The Printshop
Part of the Blists Hill Open Air Museum, Iron Bridge Gorge Museum, this print shop is great for any Industrial Model Rail Road Layout. It would be a very good example of any sort of business that has to have a retail customer entrance off the factory part of the building. Again, it's not just another straightforward and normal building, yet easy to assemble in about 45 minutes.
Printing Throughout the Ages
Since man started putting pen to paper, someone was tasked with copying much of what had been written. Originally, copies were made by hand, which took a long time to do, and was very expensive; not only in materials, but also in employing a scribe to accomplish the tasks. This is why most scribes were employed either by nobility or the church.
Credit for the printing press goes to Bi Sheng, a Han Chinese printer circa 1040. His system used metal and ceramic tablets which made it very expensive, and required an enormous amount of labor. It would be another 400 years before Johannes Gutenburg would develop a matrix style movable type system that used individual type pieces from an alloy made up of lead, tin and antimony (the same component still used to this day). His creativity led to the first assembly line-style of mass production of books, where a single printing press could produce up to 240 pages per hour.

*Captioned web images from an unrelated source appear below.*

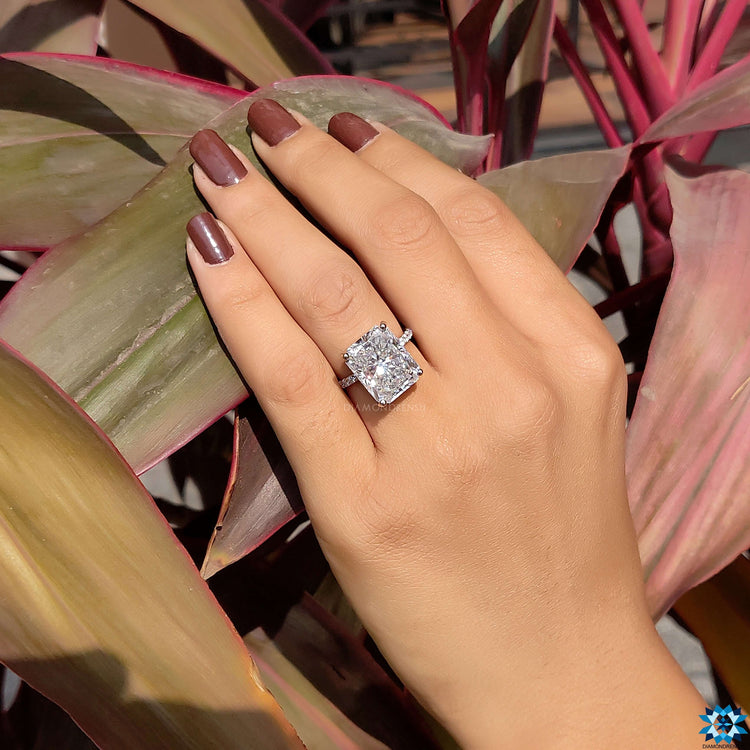 White gold engagement ring with radiant and round cut stones.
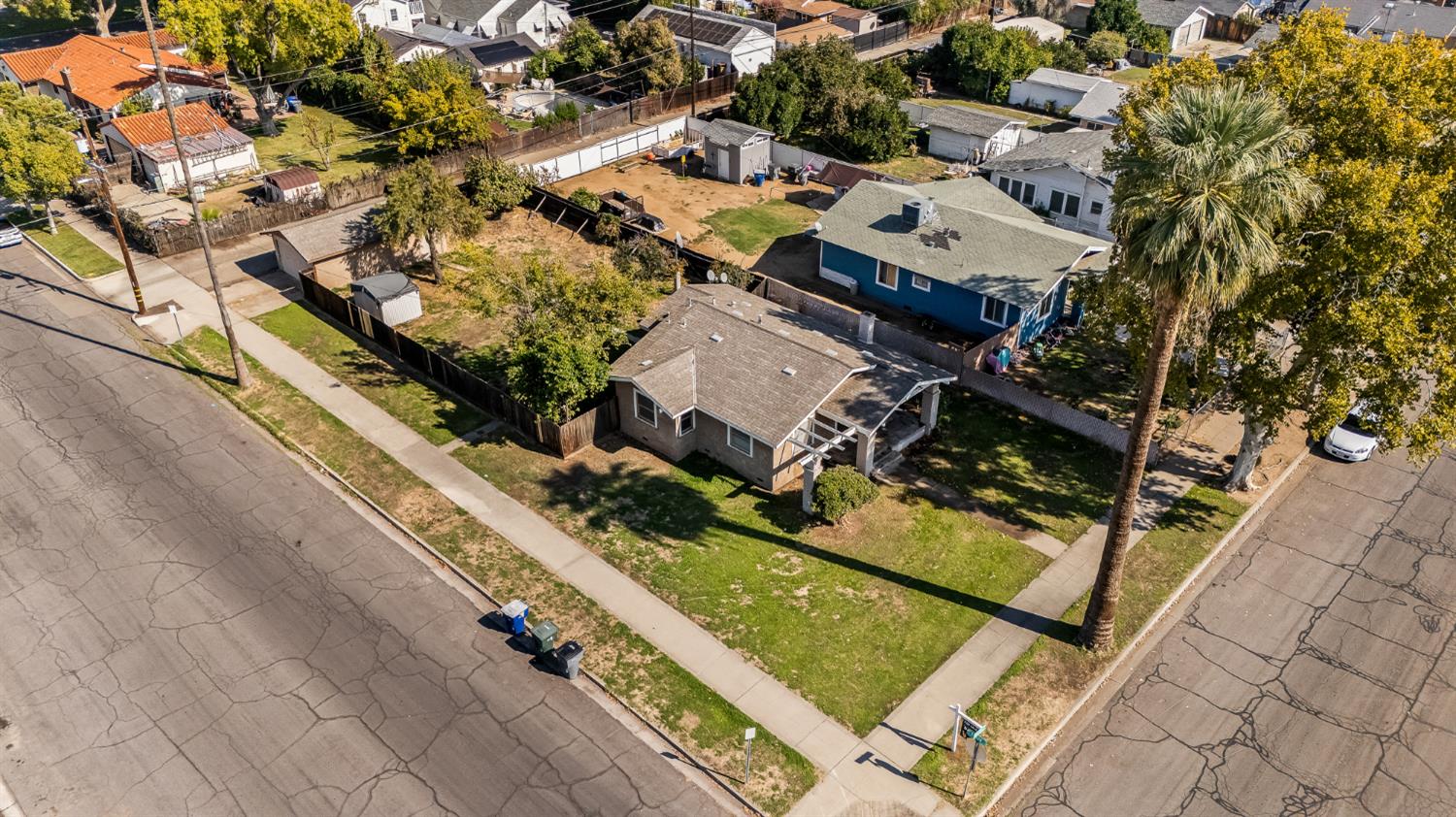 4001 East Balch Avenue Fresno, CA 93702 - Photo 2 of 22 an aerial view of residential houses with outdoor space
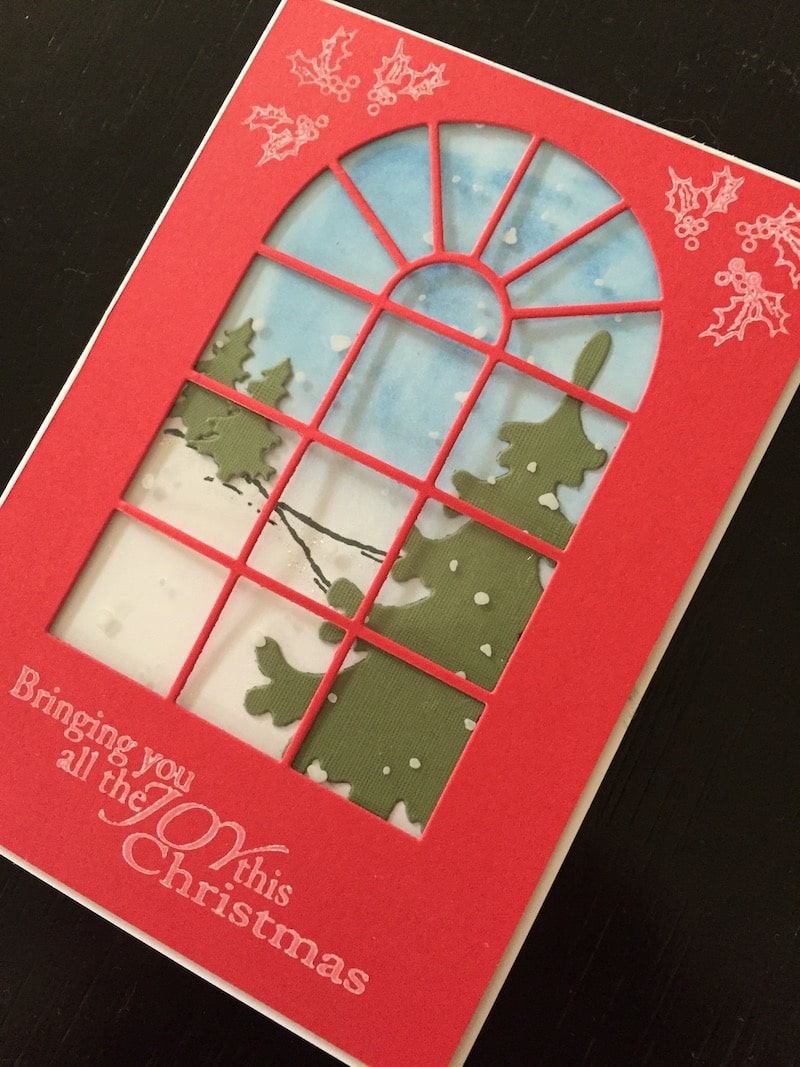 Christmas card with die cut window and snowfall acetate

By the dawn of the 19th Century, the Industrial Revolution was fully under way, and had further improved on the capabilities of the printing press. Having moved to London, Friedrich Koenig with the assistance of Andreas Bauer, and receiving financial support from Thomas Bensley, developed a steam driven printer, which in 1814 they sold to The Times in London, and was capable of 1,100 impressions an hour. The first Times edition printed using this method was on November 28, 1814.
This building is modeled after the Print Shop located at Blists Hill, an open air museum operated by the Iron Bridge Gorge Museum Trust that recreates the sights and sounds of a Victorian Shropshire town in the late 19th and 20th centuries. The Printing Shop houses and uses a Victorian Era printer from Kington, Herefordshire.